Connect with us

Jobs

Stock market rally pauses as US jobs data looms

Published

on

Stock market rally pauses as US jobs data looms

LONDON/SINGAPORE (June 7): Global stocks hovered at a record high on Friday after the European Central Bank cut interest rates for the first time in five years and traders waited on crucial US monthly jobs data for clues about whether the Federal Reserve would soon follow.

MSCI’s world share index was steady after touching an all-time high on Thursday, boosted by a frenzy for artificial intelligence stocks that lifted chipmaker Nvidia’s valuation beyond US$3 trillion (RM14.1 trillion) earlier in the week.

Reaction in government bond markets and the euro to the ECB’s widely expected decision to cut its deposit rate from a record 4% to 3.75% was tepid, although the prospect of easier borrowing conditions for households and businesses has buoyed stocks.

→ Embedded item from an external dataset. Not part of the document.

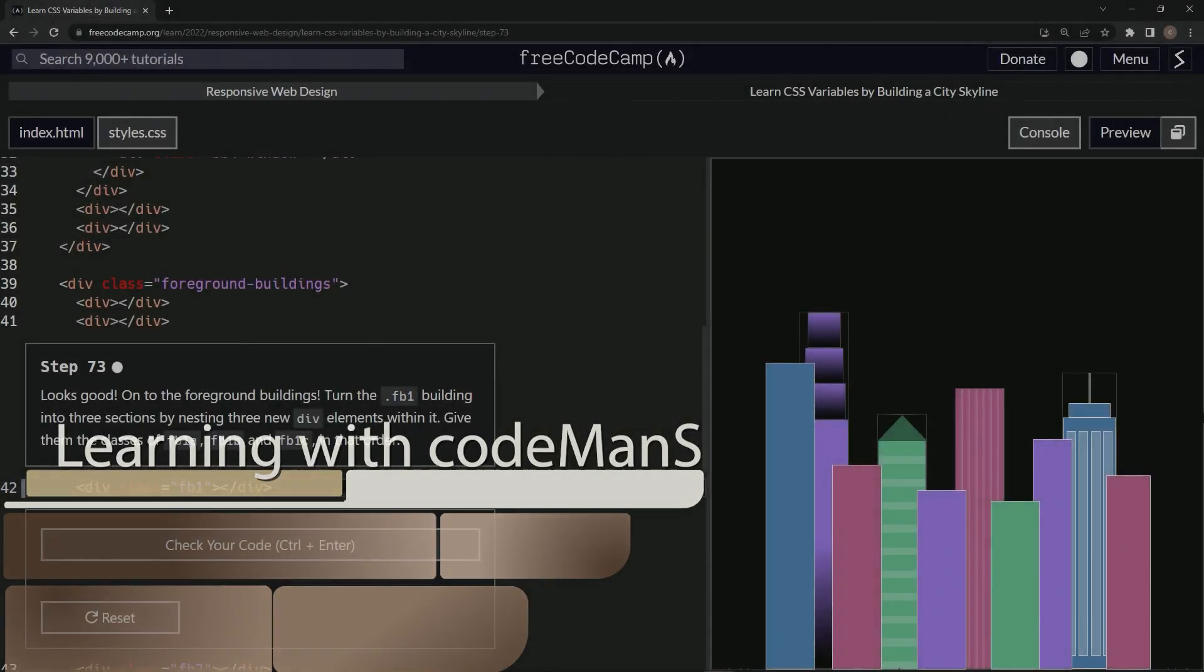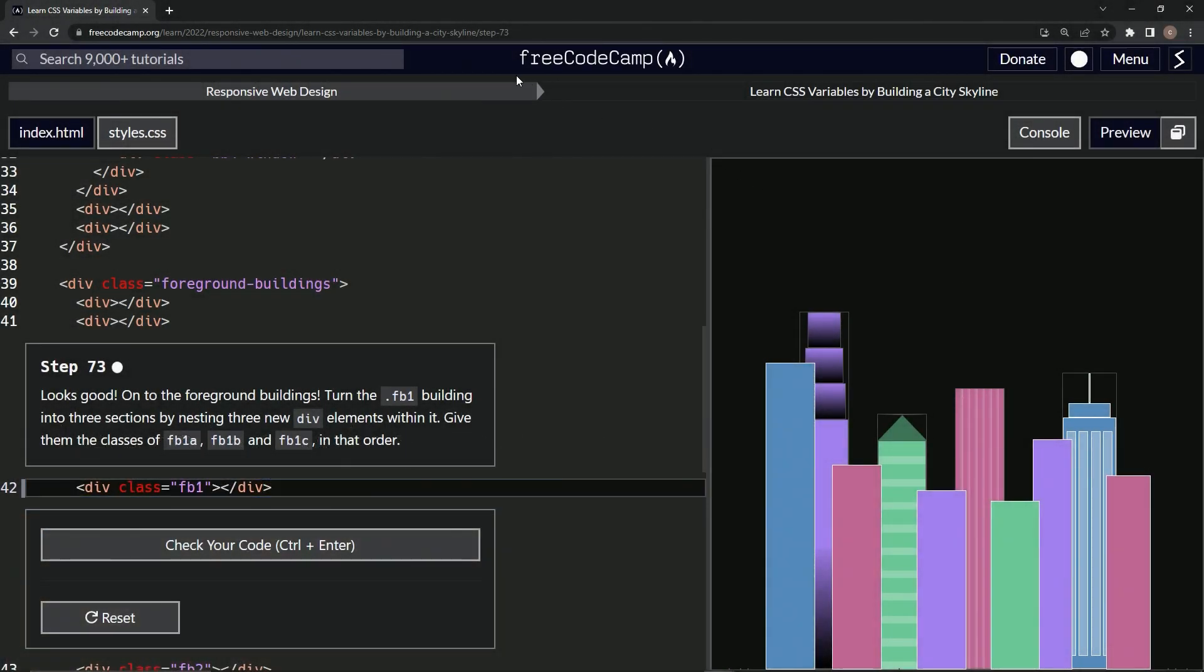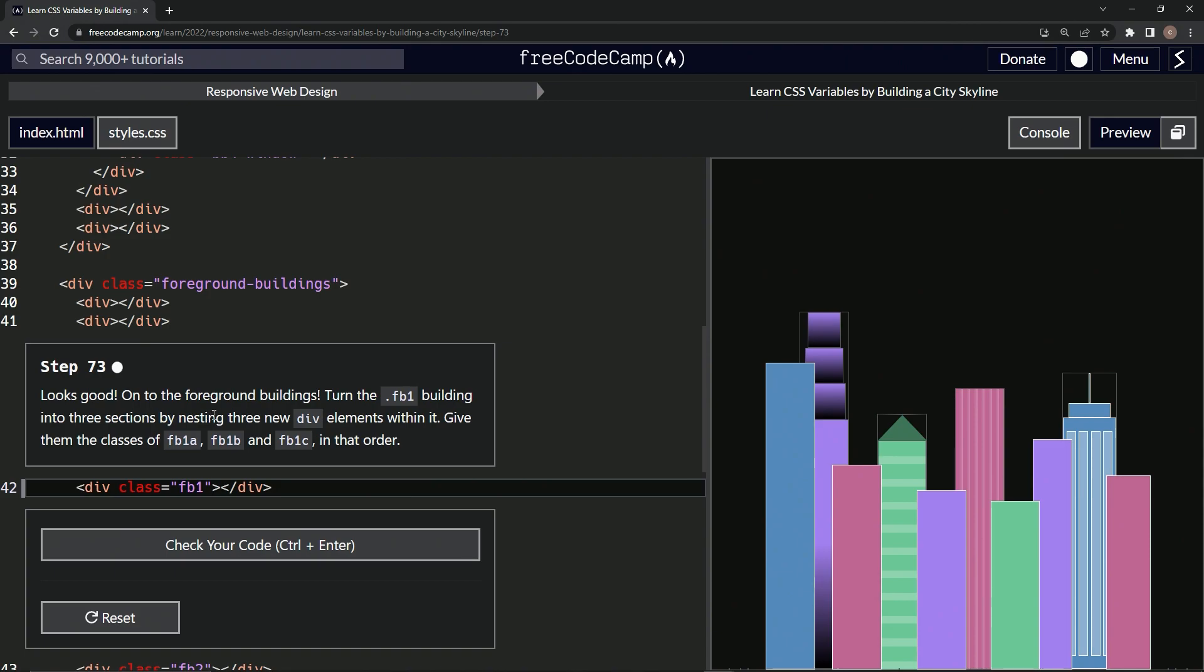Alright, now we're doing FreeCodeCamp Responsive Web Design: Learn CSS Variables by Building a City Skyline, step 73. It looks good. Now we're on to the foreground buildings. We're going to turn the FB1 building into three sections by nesting three new div elements within it. We'll give them the classes FB1A through FB1C in that order. Alright, so we do have all four of them done, so we're going to work on this one now.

Europe’s broad STOXX 600 share index, which traded flat in early dealings on Friday, has gained 1.4% this week and about 10% year-to-date.

Markets were mostly moving sideways ahead of Friday’s US non-farm payrolls report that could support or derail a dominant market narrative that the jobs market is softening enough for inflation to fall consistently.

Economists expect the world’s largest economy added 185,000 new jobs last a month, a relatively modest gain that traders will likely celebrate after data on Wednesday showed US job openings fell to their lowest in more than three years in April.

“If we see 180,000 or a slight uptick in the unemployment rate, this rally will start again,” said Florian Ielpo, head of macro at Lombard Odier Investment Managers.

“But if we see a bigger miss or a bigger beat, then the situation would be quite different. The market is trying to see whether the current slowdown in US economic data is Fed- supportive or problematic for earnings.”

Money market pricing implies traders see the Fed cutting rates from their 23-year high of 5.25-5.5% by September, following a slew of similar moves across major economies.

The Bank of Canada on Wednesday became the first G7 nation to trim its key policy rate. Sweden’s Riksbank and the Swiss National Bank have also kicked off their monetary easing cycles, supporting the global risk rally.

“You’ve got two of the G7 cutting rates … it certainly opens the door further to the Fed,” said Tony Sycamore, a market analyst at IG. “We’re not in the home straight, but we’ve certainly rounded the corner.”

The benchmark 10-year US Treasury yield, a benchmark for borrowing rates globally, was firm at 4.29%. The two-year yield, which tracks interest rate expectations, was two basis points (bps) higher at 4.7421%, after declining for six straight sessions until Thursday.

Elsewhere, the dollar languished near an eight-week low against a basket of currencies, and was headed for a weekly loss of more than 0.5%. The euro was flat at US$1.089 following a slight gain in the previous session.

Eurozone bonds were lacklustre on Friday, with Germany’s 10-year Bund yield rising two bps to 2.56%, as investors reacted to a message from ECB president Christine Lagarde on Thursday that further rate cuts were not guaranteed. Bond yields move inversely to prices.

In Asia on Friday, MSCI’s broadest index of Asia-Pacific shares outside Japan rose 0.2% and was on track to end the week nearly 3% higher. Chinese stocks dropped 0.5% after the Wall Street journal reported that Republican lawmakers wanted an import ban on Chinese battery suppliers linked to Ford F and Volkswagen.

Japan’s Nikkei fell 0.26% ahead of the Bank of Japan’s policy meeting next week. Investors expect the BOJ to start reducing its massive government bond purchases in a further move to gradually call time on a long era of aggressive monetary stimulus that has caused the yen to plunge.

The yen steadied at 155.66 per dollar, but is still within sight of late April’s 34-year lows.

Brent crude oil futures were flat at US$79.91 per barrel. Spot gold traded steady at US$2,376.55 an ounce.